Стоило ли так дорого покупать несколько безумных – даже не счастливых – мгновений? Раскаиваюсь ли я? Нет и нет! Я сказал себе и ей, что свое возьму, чего бы это мне ни стоило, и взял!
Меня назовут сумасшедшим. Пусть! И все-таки я не поступил бы иначе – таков мой характер, – я не боюсь смелых сумасбродств.
Итак, я, гордость первого курса, – второй год на первом курсе! За меня хлопочут, и сильно, этот пропущенный экзамен я бы мог, шутя, выдержать каждую минуту… У меня везде полные баллы… Э, будь, что будет! Увенчаются хлопоты успехом – отлично; нет – еще лучше. Надо уметь ко всему применяться.
Прощай, дневник, – мало я писал, не было времени. Зато ни одной секунды я не пропустил, а брал, что мог только взять хорошего и веселого от жизни, брал смело и полностью, ведь
Молодость не вернется,
Не вернется она!
* * *
На этом обрывался дневник Юрия Ивановича. Последняя строка была написана четыре года тому назад. Теперь, в начале июля, Юрий Иванович, благополучно перейдя на последний курс института и отбыв обязательные работы, отправляется гостить в Лугу на дачу к своему товарищу Елисееву. С Елисеевым он сошелся ближе в последний год.
Юрий Иванович с умилением перебрал листки старого дневника. Потом, тщательно связав их, положил в чемодан: в Луге будет приятно еще раз перечитать милые строки.
Часть вторая
I
На балконе собралось довольно большое общество. Вечер был так хорош, что, хотя давно убрали со стола и самовар, и посуду, никто не уходил со своего места. Но было что-то в этом июльском вечере не зовущее на прогулку. Хотелось сидеть, не трогаясь, и следить, как он, серый, тихий, умирает молча.

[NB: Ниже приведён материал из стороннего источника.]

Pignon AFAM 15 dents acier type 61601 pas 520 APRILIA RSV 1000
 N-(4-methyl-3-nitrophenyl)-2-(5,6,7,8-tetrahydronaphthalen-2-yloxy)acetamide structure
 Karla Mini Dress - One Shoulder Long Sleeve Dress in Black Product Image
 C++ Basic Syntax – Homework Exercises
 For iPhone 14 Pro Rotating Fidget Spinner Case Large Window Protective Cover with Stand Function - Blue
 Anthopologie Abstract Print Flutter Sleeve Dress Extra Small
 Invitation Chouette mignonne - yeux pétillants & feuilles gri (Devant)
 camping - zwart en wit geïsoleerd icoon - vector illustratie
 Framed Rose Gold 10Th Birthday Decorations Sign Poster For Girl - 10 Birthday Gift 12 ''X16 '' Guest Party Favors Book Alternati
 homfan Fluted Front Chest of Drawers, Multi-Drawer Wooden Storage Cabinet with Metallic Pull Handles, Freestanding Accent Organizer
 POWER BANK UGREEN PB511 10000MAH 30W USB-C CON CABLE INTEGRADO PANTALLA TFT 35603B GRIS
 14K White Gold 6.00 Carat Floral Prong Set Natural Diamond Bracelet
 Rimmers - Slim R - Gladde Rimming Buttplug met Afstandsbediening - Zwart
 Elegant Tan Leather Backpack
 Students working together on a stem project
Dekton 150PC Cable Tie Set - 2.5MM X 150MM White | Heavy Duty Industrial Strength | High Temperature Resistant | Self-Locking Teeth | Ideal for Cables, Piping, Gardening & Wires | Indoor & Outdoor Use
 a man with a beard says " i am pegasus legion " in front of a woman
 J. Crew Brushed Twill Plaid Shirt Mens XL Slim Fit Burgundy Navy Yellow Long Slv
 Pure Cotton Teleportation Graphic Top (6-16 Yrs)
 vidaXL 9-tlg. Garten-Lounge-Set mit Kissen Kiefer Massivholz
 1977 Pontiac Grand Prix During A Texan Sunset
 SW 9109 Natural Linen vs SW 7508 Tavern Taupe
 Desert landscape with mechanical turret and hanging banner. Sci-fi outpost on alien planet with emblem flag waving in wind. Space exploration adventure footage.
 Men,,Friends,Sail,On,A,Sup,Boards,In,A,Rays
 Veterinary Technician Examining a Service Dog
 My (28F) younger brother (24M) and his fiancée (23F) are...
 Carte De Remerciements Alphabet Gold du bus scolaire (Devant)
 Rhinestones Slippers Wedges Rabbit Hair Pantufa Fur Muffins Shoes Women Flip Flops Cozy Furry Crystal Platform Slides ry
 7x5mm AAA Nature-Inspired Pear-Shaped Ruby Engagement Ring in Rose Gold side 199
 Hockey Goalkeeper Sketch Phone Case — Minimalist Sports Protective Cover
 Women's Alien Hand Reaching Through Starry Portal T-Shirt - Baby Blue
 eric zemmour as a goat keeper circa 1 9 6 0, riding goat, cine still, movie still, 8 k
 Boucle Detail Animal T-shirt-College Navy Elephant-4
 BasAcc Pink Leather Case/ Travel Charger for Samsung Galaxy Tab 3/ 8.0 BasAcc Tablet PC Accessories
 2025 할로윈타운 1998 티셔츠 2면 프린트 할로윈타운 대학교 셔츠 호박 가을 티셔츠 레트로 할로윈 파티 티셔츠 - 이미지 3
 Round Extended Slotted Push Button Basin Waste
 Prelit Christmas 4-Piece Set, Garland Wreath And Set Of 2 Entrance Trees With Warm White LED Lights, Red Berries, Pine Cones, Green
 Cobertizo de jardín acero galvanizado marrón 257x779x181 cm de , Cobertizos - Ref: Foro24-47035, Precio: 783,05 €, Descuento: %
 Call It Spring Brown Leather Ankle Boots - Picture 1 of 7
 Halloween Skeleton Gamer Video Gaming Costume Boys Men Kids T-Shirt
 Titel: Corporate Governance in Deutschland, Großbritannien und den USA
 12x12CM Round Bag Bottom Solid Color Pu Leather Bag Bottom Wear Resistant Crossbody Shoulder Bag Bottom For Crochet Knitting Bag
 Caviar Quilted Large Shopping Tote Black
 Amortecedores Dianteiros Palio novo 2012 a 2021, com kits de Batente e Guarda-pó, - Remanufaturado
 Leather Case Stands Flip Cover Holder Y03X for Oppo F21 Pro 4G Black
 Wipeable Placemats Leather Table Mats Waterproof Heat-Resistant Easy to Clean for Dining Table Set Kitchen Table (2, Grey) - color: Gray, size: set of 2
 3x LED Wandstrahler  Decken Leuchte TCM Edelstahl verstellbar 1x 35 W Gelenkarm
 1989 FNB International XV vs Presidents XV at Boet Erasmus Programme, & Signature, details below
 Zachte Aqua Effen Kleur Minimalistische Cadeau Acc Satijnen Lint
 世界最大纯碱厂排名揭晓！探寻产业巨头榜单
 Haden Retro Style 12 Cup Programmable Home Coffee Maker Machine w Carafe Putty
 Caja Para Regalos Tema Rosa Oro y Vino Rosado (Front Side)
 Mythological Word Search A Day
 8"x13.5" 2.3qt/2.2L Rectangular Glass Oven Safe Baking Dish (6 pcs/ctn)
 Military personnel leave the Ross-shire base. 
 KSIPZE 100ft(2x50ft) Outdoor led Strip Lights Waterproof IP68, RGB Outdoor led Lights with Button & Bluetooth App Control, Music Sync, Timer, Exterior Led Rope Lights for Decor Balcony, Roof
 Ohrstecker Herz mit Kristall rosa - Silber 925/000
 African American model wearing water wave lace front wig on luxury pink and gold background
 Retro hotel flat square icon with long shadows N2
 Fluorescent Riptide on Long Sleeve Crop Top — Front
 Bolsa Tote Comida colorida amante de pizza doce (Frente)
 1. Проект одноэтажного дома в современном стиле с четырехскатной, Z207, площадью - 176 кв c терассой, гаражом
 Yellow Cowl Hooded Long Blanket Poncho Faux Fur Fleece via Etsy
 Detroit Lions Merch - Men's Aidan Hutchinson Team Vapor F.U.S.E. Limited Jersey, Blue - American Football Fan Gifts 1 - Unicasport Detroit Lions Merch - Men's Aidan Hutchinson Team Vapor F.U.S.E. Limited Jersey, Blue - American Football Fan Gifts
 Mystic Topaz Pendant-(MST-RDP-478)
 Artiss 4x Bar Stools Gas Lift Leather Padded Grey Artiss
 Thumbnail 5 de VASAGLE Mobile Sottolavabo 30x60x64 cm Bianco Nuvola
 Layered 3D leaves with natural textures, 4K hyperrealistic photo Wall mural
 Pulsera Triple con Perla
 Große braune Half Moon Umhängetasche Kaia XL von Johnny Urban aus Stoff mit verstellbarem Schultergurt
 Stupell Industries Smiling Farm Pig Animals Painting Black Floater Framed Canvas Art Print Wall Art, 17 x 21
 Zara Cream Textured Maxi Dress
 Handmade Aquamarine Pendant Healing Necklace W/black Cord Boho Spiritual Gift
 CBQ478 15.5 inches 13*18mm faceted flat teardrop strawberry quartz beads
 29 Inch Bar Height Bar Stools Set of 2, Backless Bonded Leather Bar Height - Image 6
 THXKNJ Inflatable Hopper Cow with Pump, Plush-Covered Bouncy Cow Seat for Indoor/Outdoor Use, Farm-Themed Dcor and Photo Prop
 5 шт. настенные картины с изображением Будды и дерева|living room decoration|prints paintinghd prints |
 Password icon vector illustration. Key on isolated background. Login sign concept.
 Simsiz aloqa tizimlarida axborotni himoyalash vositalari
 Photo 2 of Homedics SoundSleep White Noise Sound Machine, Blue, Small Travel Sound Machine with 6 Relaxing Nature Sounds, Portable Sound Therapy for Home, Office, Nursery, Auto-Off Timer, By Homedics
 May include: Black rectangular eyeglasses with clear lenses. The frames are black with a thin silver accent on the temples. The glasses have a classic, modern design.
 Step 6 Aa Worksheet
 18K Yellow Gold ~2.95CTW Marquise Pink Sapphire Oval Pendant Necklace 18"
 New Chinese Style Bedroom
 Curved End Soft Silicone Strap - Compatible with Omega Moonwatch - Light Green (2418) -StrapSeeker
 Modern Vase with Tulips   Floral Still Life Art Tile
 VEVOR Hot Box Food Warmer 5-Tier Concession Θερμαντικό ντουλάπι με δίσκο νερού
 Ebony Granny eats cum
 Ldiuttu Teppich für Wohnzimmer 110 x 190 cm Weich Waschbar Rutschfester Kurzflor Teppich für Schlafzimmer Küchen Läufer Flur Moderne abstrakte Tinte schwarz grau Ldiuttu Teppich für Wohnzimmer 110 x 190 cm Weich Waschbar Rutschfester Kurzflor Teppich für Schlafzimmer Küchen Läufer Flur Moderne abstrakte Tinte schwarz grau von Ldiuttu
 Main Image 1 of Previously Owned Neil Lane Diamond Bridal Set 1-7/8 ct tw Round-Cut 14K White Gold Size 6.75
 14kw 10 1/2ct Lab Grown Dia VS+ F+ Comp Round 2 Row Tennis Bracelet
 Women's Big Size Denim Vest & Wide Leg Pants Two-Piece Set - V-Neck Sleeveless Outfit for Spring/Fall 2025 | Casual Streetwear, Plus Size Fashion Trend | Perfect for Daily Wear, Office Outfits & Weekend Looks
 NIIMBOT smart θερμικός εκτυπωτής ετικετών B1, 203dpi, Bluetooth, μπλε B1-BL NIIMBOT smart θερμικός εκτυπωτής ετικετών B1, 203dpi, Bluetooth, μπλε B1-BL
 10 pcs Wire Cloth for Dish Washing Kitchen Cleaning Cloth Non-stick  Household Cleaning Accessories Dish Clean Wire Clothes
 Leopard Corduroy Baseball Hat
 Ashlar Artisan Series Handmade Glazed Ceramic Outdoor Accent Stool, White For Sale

Такую бессмысленную и недвижную печаль испытывала Софья Томилина. Она оперлась локтем на перила балкона и смотрела вперед в еще совсем бледный мрак сада. Около нее говорили не очень оживленно, но непрерывно. Софья слышала, не следя за словами, добрый, обстоятельный и монотонный голос Лизаветы Петровны, тетки своего покойного мужа. Она любила Лизавету Петровну, жила у нее последние годы, знала, что Лизавета Петровна обожает ее почти так же, как единственного своего сына Шуру, но ей было теперь невыносимо и горько скучен однообразный голос, и слова, казалось, она все знает, хотя и не слушает. Говорил с Лизаветой Петровной молодой человек в черной венгерке со шнурами. Он стоял, прислонившись спиной к столбу балкона, и слегка ударял хлыстиком по высоким лакированным сапогам. В еще немеркнущем свете заката была совсем ясно видна его фигура, молодая и широкая, даже слишком широкая, почти грузная. Лицо из-под белого козырька фуражки, свежее, полное и довольное, не казалось слишком юношеским; но года выдавала улыбка, порою совсем ребяческая. В ней и во всей манере говорить, с напускной удалью, несмотря на легкое пришепетыванье, чувствовался тот детский милый задор, на который взрослые смотрят с доброй улыбкой и тайным вздохом.